Identity change in children with an acquired brain injury (ABI)
Date: 28/07/2015 Host: @deblants
Tonight’s chat will be hosted by @DebLants who has written the following post to introduce tonight’s topic
What makes your identity?
Our identity is who we are, our past experiences, our memories, our confidence, our friends, our family, our home, our hobbies, what we look like, our sense of humour, our strength’s and challenges… our identity is how we understand, perceive and experience the world around us – interconnections between our neurology, environment and spirituality.
Children that have an ABI have experienced a vast change in who they are. One moment they are who they have always have known themselves to be, the next they are different and face lots of challenges. This causes a change in their identity, they are no longer the person that they have always known themselves to be.
Memory may have been affected meaning that they have difficulty remembering the past or creating memories. They may no longer be able to participate in their hobbies – they may not even be interested in these hobbies anymore. They may lose old friends, and gain new friends with difficulties too. They may not be able to live in the home they were in prior to their ABI as they are now a wheelchair user. They may look different because of the injury or medications. Their role within their family may have changed and their parent may also have the extra role as a carer. The list goes on and on.

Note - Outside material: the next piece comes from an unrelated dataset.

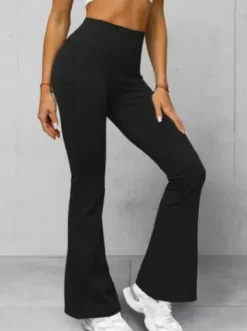 Legginsy damskie z szeroką nogawką czarne JS/17K588/3^Ozonee Best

The added difficulty for children is that they were already growing and changing, learning new skills and knowledge everyday – which was part of their identity. Also, depending on their age, the child may have difficulty to understand the obscure concept of identity, meaning that they portray and explain this in different ways – ways that therapists have to learn to adapt to.
“The value of identity of course is that so often with it comes purpose.” Richard grant – American author.
A simplified and multi sensory approach of brain injury training can aid a child to understand and gain insight into their illness without overloading them with jargon and scary thoughts. This can lead to an acceptance of the changes and a willingness to face the challenges ahead – something that Occupational Therapists (OT) can support and encourage. Also, by learning what a child used to identify themselves with OT’s can then plan therapeutic sessions around this with the hope to increase motivation. For example, a child may have loved to play football but now can’t in the same way. An OT could plan sessions around the rules of the game, planning the tactics of the game, working on gross motor skills of throwing and kicking etc.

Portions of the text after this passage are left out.